[Work task] Among the records that follow, find the line with "Trombone Shorty amp" and the line with "ギター PRS CE22 1995 10 top". Set down those lines and all lines between them exactly, without adding anything.

Dataset items

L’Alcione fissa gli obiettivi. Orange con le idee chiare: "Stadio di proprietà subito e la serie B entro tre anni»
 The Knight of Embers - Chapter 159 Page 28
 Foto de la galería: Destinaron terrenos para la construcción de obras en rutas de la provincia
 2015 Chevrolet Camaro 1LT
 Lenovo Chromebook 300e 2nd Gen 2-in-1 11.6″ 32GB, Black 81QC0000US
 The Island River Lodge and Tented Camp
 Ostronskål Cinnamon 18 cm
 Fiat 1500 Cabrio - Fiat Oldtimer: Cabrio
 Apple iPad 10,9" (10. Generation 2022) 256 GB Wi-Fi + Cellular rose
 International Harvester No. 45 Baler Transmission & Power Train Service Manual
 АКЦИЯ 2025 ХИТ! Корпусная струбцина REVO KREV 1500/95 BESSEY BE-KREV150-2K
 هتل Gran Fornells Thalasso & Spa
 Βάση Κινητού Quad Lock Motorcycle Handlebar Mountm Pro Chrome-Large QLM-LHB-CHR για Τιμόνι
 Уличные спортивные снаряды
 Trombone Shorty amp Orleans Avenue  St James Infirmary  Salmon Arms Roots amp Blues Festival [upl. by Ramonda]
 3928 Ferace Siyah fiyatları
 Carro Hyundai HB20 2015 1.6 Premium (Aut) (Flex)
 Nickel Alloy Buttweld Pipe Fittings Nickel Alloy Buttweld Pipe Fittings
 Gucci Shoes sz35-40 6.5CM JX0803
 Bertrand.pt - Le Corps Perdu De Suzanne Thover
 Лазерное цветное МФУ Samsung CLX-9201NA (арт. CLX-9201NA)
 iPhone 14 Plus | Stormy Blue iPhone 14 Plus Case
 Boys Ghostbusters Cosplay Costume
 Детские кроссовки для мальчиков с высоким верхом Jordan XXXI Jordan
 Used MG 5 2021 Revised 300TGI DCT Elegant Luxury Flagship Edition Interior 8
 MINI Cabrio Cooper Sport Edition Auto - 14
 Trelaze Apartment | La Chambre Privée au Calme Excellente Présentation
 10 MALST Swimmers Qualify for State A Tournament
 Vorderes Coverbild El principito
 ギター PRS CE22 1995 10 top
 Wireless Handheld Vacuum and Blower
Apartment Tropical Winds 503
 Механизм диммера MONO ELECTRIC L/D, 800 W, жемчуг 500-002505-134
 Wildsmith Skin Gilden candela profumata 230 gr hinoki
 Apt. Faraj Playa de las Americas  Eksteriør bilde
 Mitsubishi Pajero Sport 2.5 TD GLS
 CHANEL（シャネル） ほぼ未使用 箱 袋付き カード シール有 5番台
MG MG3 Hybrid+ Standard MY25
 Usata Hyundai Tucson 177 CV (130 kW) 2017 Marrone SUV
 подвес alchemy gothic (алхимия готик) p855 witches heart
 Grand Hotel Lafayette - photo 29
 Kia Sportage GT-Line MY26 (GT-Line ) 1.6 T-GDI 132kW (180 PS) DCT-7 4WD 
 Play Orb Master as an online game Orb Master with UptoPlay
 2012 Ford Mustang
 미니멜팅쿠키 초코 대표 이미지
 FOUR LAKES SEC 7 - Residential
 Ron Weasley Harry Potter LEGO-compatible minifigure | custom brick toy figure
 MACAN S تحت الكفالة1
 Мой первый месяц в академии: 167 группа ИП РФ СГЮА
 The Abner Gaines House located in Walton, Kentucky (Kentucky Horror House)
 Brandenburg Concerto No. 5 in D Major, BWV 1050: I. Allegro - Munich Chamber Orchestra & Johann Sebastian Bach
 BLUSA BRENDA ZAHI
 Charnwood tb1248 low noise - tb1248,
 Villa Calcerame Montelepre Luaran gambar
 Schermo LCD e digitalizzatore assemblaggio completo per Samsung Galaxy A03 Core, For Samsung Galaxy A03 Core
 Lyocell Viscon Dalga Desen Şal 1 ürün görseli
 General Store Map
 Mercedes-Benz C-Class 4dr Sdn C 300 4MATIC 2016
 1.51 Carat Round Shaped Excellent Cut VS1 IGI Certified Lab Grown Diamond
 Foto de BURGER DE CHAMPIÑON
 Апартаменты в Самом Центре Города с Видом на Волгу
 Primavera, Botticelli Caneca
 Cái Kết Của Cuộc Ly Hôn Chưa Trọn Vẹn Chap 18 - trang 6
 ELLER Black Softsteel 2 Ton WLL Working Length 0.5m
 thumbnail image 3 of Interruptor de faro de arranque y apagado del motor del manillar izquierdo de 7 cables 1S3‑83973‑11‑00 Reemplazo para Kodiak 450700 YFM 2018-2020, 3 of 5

[Solution]
 Trombone Shorty amp Orleans Avenue  St James Infirmary  Salmon Arms Roots amp Blues Festival [upl. by Ramonda]
 3928 Ferace Siyah fiyatları
 Carro Hyundai HB20 2015 1.6 Premium (Aut) (Flex)
 Nickel Alloy Buttweld Pipe Fittings Nickel Alloy Buttweld Pipe Fittings
 Gucci Shoes sz35-40 6.5CM JX0803
 Bertrand.pt - Le Corps Perdu De Suzanne Thover
 Лазерное цветное МФУ Samsung CLX-9201NA (арт. CLX-9201NA)
 iPhone 14 Plus | Stormy Blue iPhone 14 Plus Case
 Boys Ghostbusters Cosplay Costume
 Детские кроссовки для мальчиков с высоким верхом Jordan XXXI Jordan
 Used MG 5 2021 Revised 300TGI DCT Elegant Luxury Flagship Edition Interior 8
 MINI Cabrio Cooper Sport Edition Auto - 14
 Trelaze Apartment | La Chambre Privée au Calme Excellente Présentation
 10 MALST Swimmers Qualify for State A Tournament
 Vorderes Coverbild El principito
 ギター PRS CE22 1995 10 top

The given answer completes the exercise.